Okay give your new home a test by closing it reopening it and finally the first mount

cryptsetup luksClose cryptohome
cryptsetup luksOpen /dev/sda8 cryptohome
Enter LUKS passphrase:
key slot 0 unlocked.
Command successful.

mkdir -p /mnt/cryptohome
mount /dev/mapper/cryptohome /mnt/cryptohome
touch /mnt/cryptohome/linux
ls /mnt/cryptohome/
lost+found linux

We can also confirm that it works by issuing the command

cryptsetup status cryptohome
/dev/mapper/cryptohome is active:
cipher: aes-cbc-essiv:sha256
keysize: 256 bits
device: /dev/sda8
offset: 2056 sectors
size: 20978771 sectors
mode: read/write

Now would be a good time to move your current home data to this partition. And umount the partition:

umount /mnt/cryptohome
cryptsetup luksClose cryptohome

Automatically mount when logging in first edit pam_mount.conf.xml:

vi /etc/security/pam_mount.conf.xml

and add the following:

<volume user="User" fstype="crypt" path="/dev/disk/by-uuid/6d53f51f-7c25-4b3d-aa15-f3594f4f49e1" mountpoint="/home" options="fsck,relatime" />

Make sure to replace User with your user name. And you will also need to change the disk path. You can either add a path like /dev/sda6 or you can add a uuid the ubuntu way.

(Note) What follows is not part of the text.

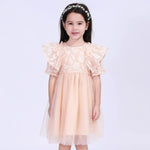 Orange Floral Street Look Dress For Girls Image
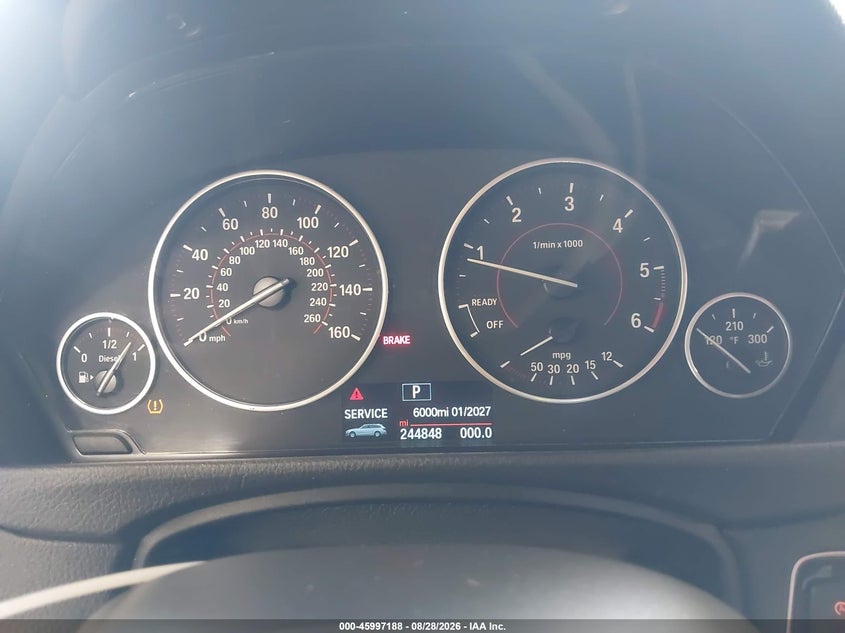 BMW 328D 2014 VIN WBA3K5C56EF776341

To find your uuid you use the following command:

blkid /dev/sda8

/dev/sda8: UUID="6d53f51f-7c25-4b3d-aa15-f3594f4f49e1" TYPE="crypto_LUKS"

After you have done that make sure to comment out the entry for your /home partition in /etc/fstab. Pam mount will deal with mounting your /home partition now.

vi /etc/fstab

# /home is on /dev/sda8
#UUID=6d53f51f-7c25-4b3d-aa15-f3594f4f49e1 /home ext4 defaults 0 2

Thats it you should be safe to reboot now. The login process will take slightly longer than before because your home partition gets mounted in the background. The only downside i see with this setup is you can’t use it in a multi-user environment. I am the only user on my laptop so that doesn’t really matter to me.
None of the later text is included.